» **WHAT IS BEING ASKED**
Reproduce all of the data below without alteration; exclude every picture.

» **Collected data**

>>

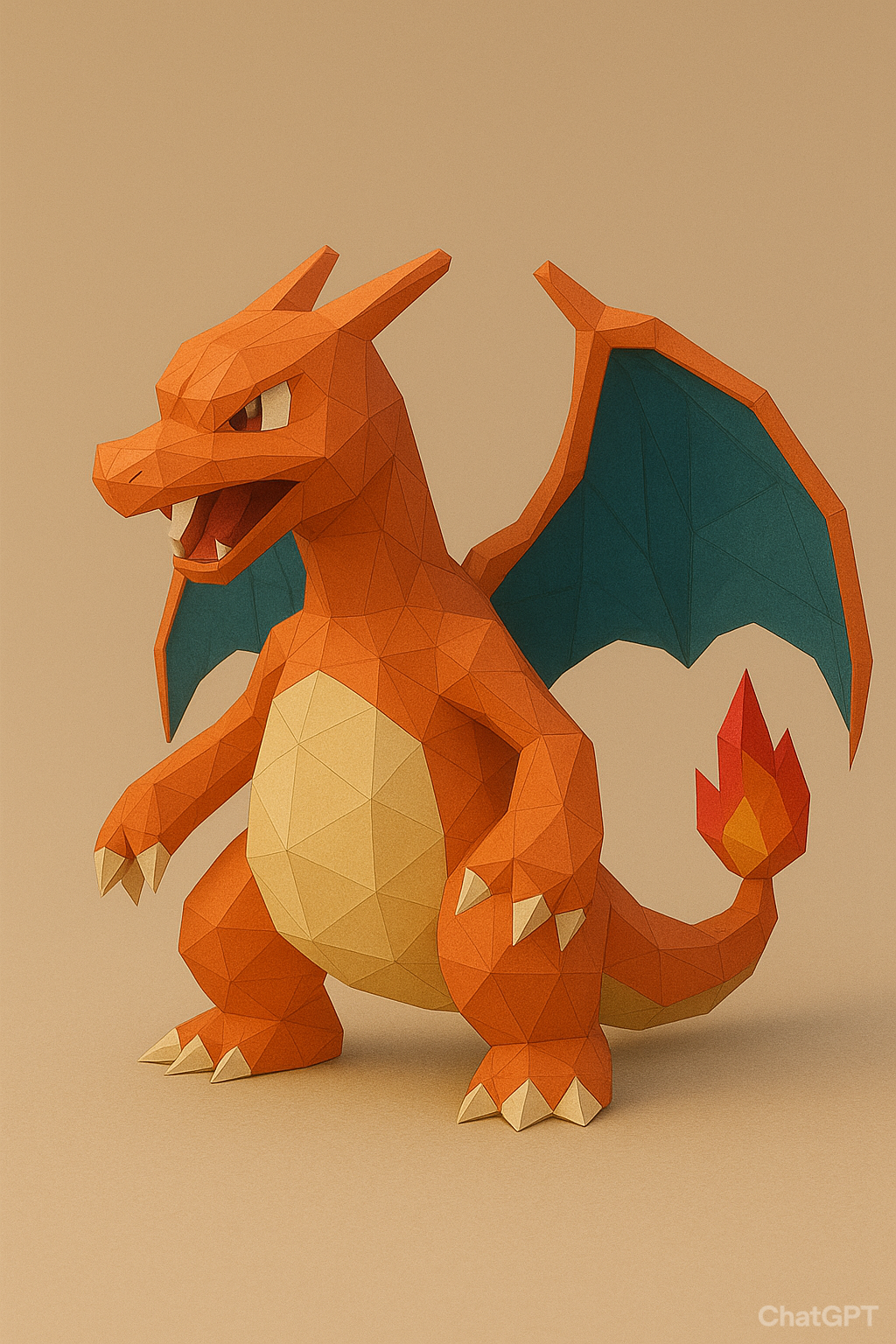 #006 Charizard – Low Poly Pokémon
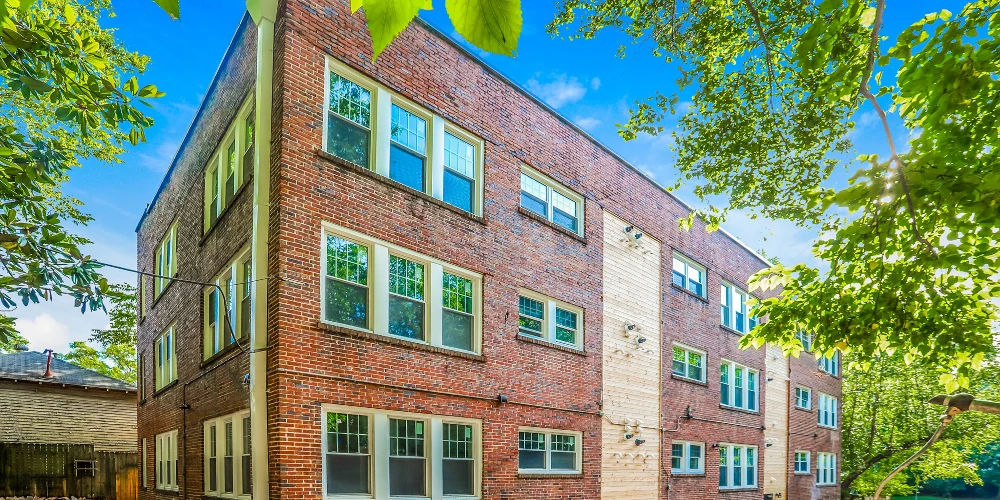 Newly Renovated Intown 10-Unit Apartment Building With Extra Land for Potential Development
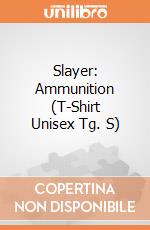 Slayer: Ammunition (T-Shirt Unisex Tg. S) gioco di Rock Off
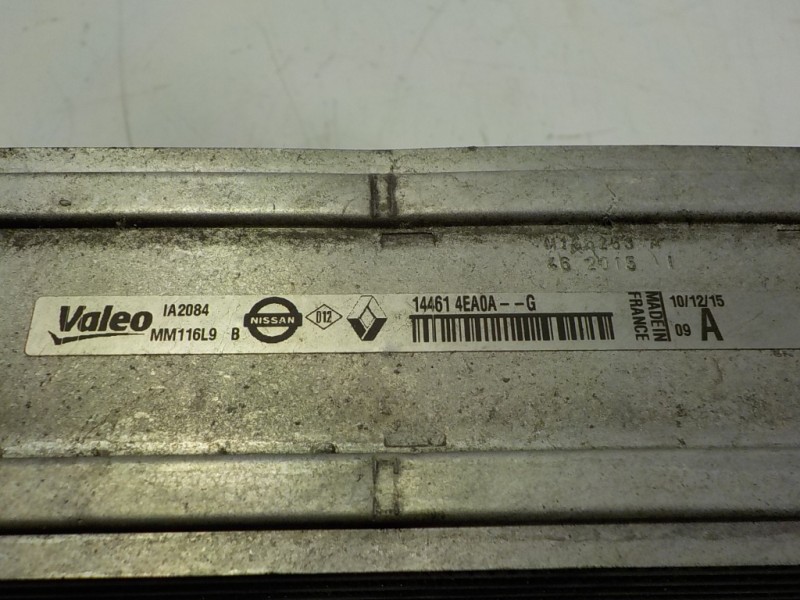 Recambio de intercooler para renault kadjar 1.2 tce energy referencia OEM IAM 144614EA1B 144614EA0A 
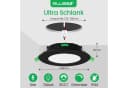 ALUSSO LED Einbaustrahler 6er-Set 10W 800lm Schwarz Bild 1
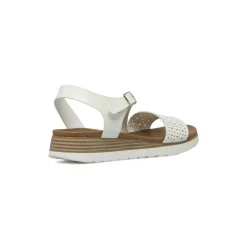 Sandali Comfort Bianchi Donna con fascia traforata P Soft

<<

» **FINISHED TASK**
 #006 Charizard – Low Poly Pokémon
 Newly Renovated Intown 10-Unit Apartment Building With Extra Land for Potential Development
 Slayer: Ammunition (T-Shirt Unisex Tg. S) gioco di Rock Off
 Recambio de intercooler para renault kadjar 1.2 tce energy referencia OEM IAM 144614EA1B 144614EA0A 
 ALUSSO LED Einbaustrahler 6er-Set 10W 800lm Schwarz Bild 1
 Sandali Comfort Bianchi Donna con fascia traforata P Soft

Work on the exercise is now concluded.